Secondo quanto emerso nel rapporto ISTAT “Cittadini, imprese e Ict” dell’anno 2016, “quasi un terzo delle famiglie non ha ancora accesso a Internet da casa”.

Tuttavia, rispetto al 2015, le famiglie che dispongono di connessione web da casa sono complessivamente aumentate dal 66,2% al 69,2%. Dati non ancora sufficienti per rimanere al passo con il resto dell’Europa: secondo la ricerca, l’Italia ha un gap di 6 punti rispetto alla media europea, ovvero possiede valore pari al 77% di utenti con banda larga, rispetto alla media dell’83%, collocandosi solo al diciannovesimo posto in classifica.

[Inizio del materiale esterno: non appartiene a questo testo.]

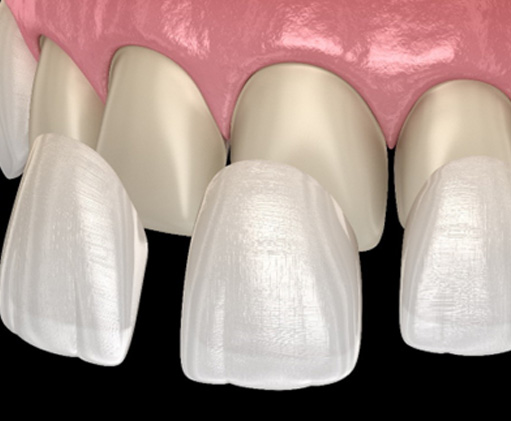 Illustration of veneers being placed on prepared teeth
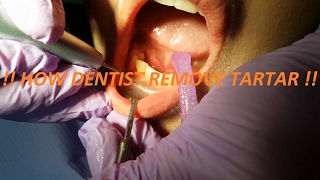 Professional Teeth Cleaning !!! [ How Dentist Remove Tartar ]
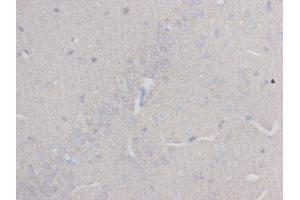 Immunohistochemistry (IHC) image for anti-Tubulin, beta 3 (TUBB3) (N-Term) antibody (ABIN1854950)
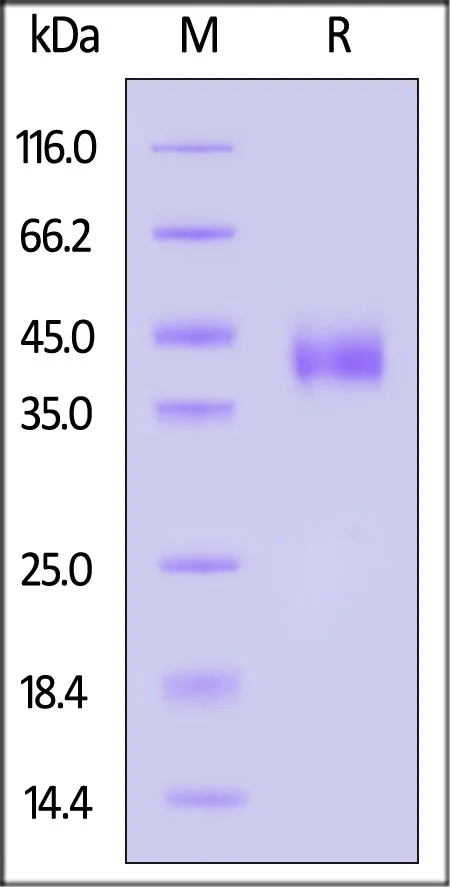 Human IL-28 R alpha / IFN-lambda R1 Protein, His Tag - image 1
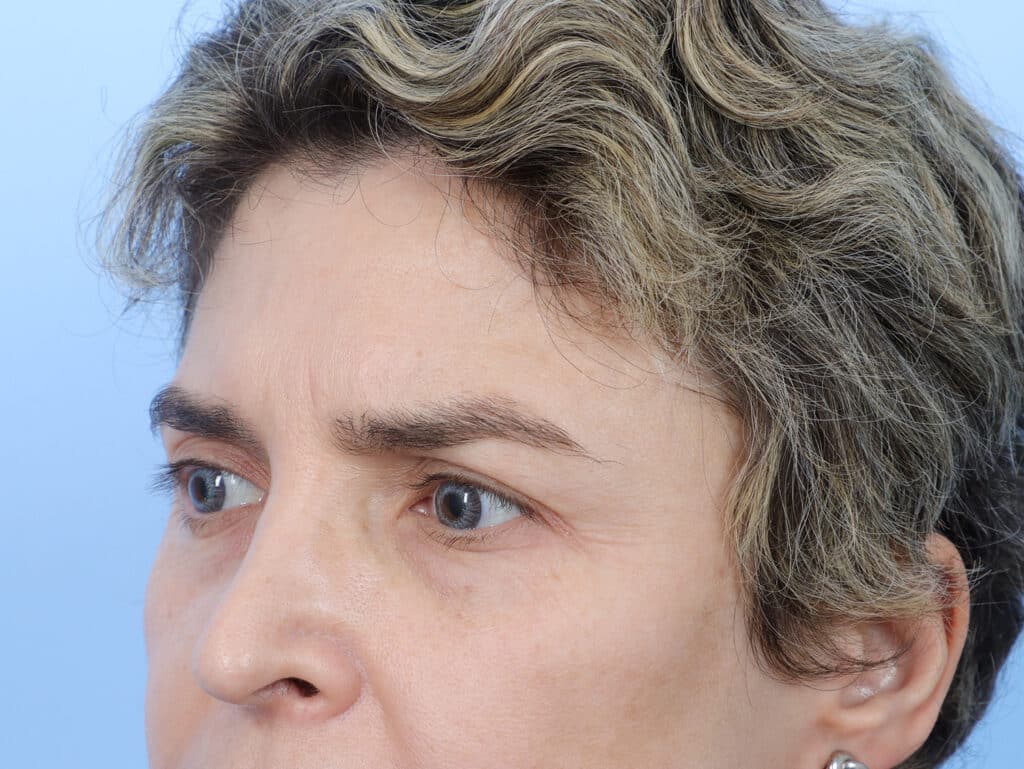 Before Image: Brow Lift and Blepharoplasty - left-front-oblique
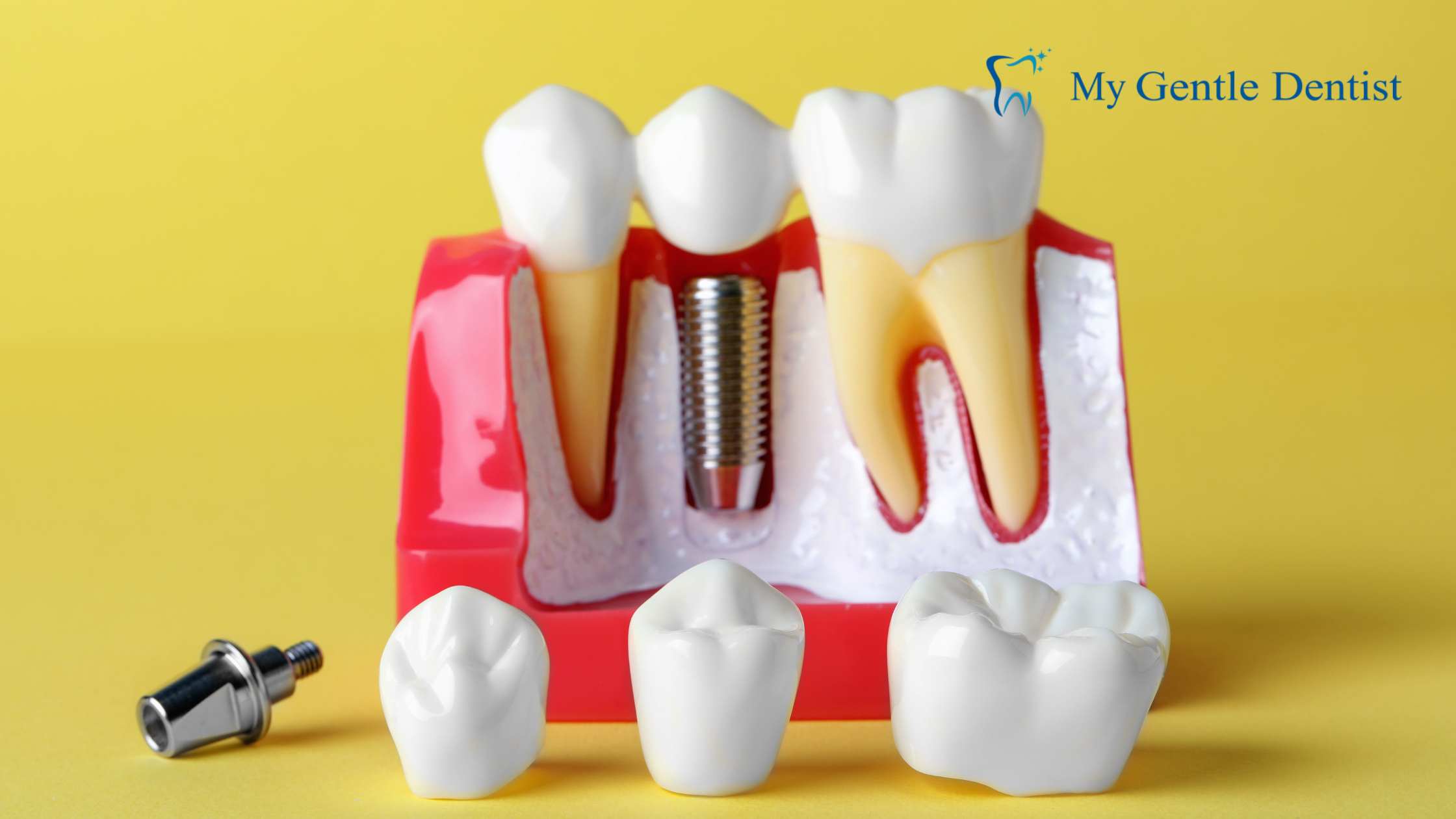 You are currently viewing Why Choose Dental Implants Near Me for a Permanent Smile Solution?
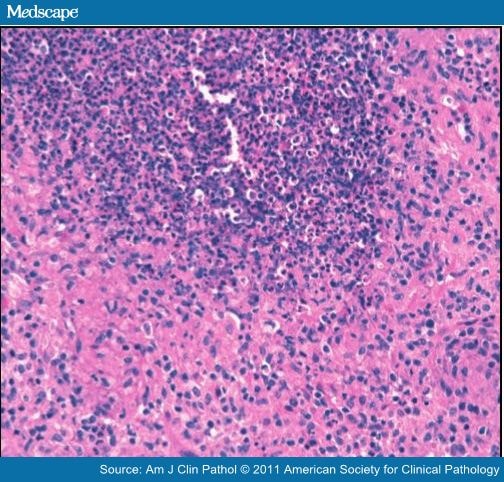 Cystic Neutrophilic Granulomatous Mastitis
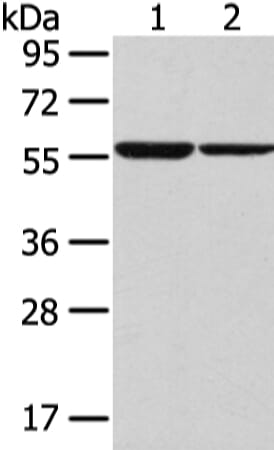Gel: 8% SDS-PAGE Lysate: 40 &#956;g Lane 1-2: K562 and hepg2 cell Primary antibody: 1/300 dilution Secondary antibody: Goat anti rabbit IgG at 1/8000 dilution Exposure time: 30 seconds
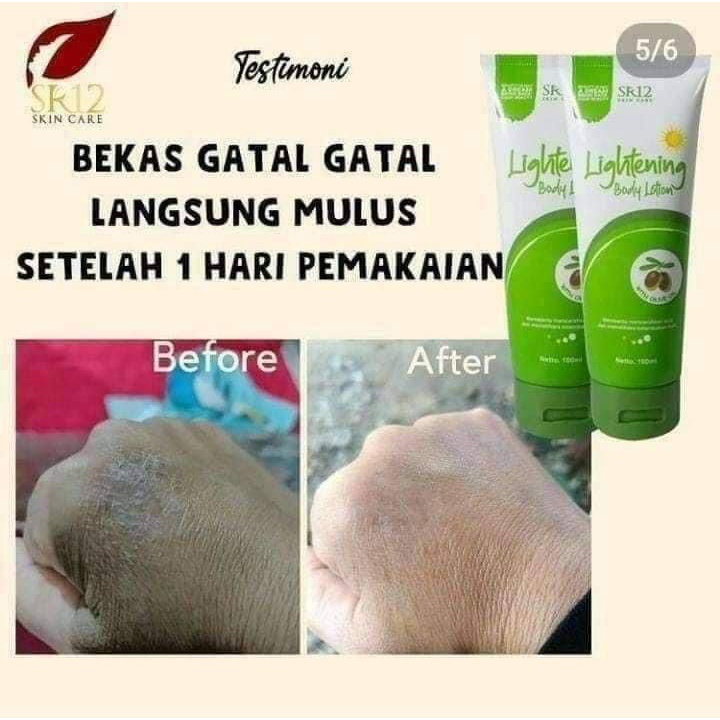 Body Lotion Day Night SR12 Pemutih Badan Hand Body Pencerah Kulit SPF 30+++ Krim Anti Belang Melembabkan Kulit Melindungi Dari Sinar UV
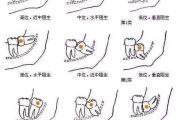 拔智齿瘦脸对比图分析-效果与事实揭秘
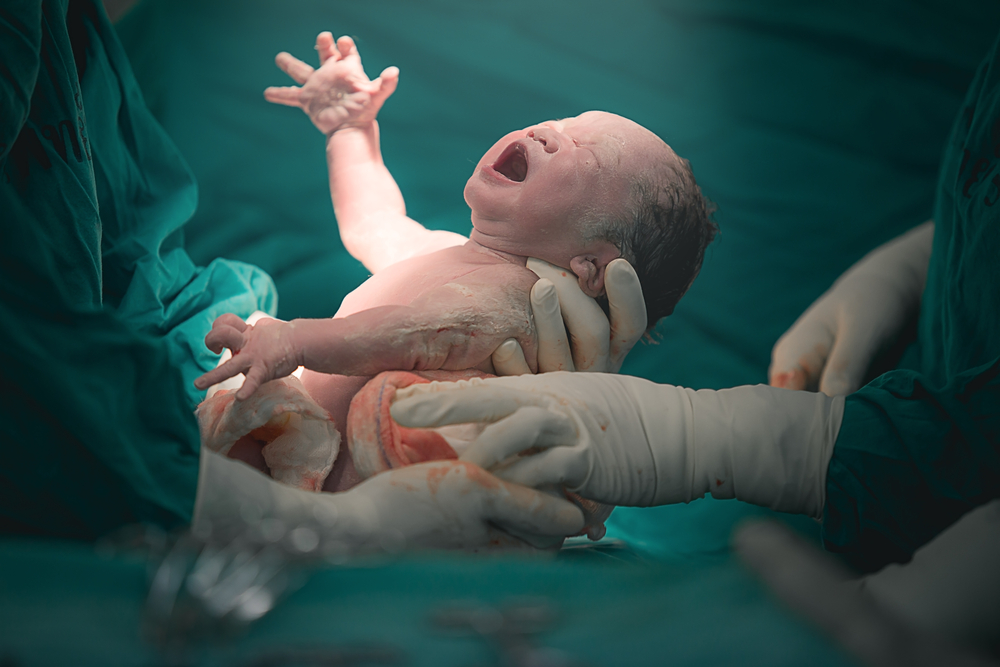 NHS England drops limit on offering Caesarean births!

Il 55,6% delle famiglie sprovviste di accesso a Internet da casa afferma che il principale motivo di tale deficit sta nella mancanza di competenze, mentre il 23,6% non considera Internet uno strumento utile. Seguono motivazioni di ordine economico legate al prezzo eccessivo per i collegamenti o per gli strumenti necessari, assieme all’8% che afferma di non navigare in Internet da casa perché almeno un componente della famiglia accede a Internet da un altro luogo, fino ad arrivare alla restante piccola quota di famiglie che indica tra le motivazioni l’insicurezza rispetto alla tutela della propria privacy e la mancanza di disponibilità di una connessione a banda larga.

Nel 90,7% delle famiglie connesse è presente almeno un minorenne, mentre le meno connesse sono le famiglie composte solo da persone con oltre 65 anni di età.  L’uso della Rete ha un’incidenza del 91% tra i 15-24enni, tuttavia si è registrato un gran recupero  in quest’ultimo anno da parte delle persone di età compresa tra i 60 e i 64 anni, con un incremento che va dal 45,9% al 52,2%. In particolare tra le donne di questa fascia di età hanno registrato un aumento dell’8,7%.

Il titolo di studio si è dimostrato un elemento discriminante. Difatti, il 91,6% delle famiglie con almeno un componente laureato ha una connessione a banda larga, contro il 55,3% delle famiglie in cui il titolo di studio più elevato è la licenza media.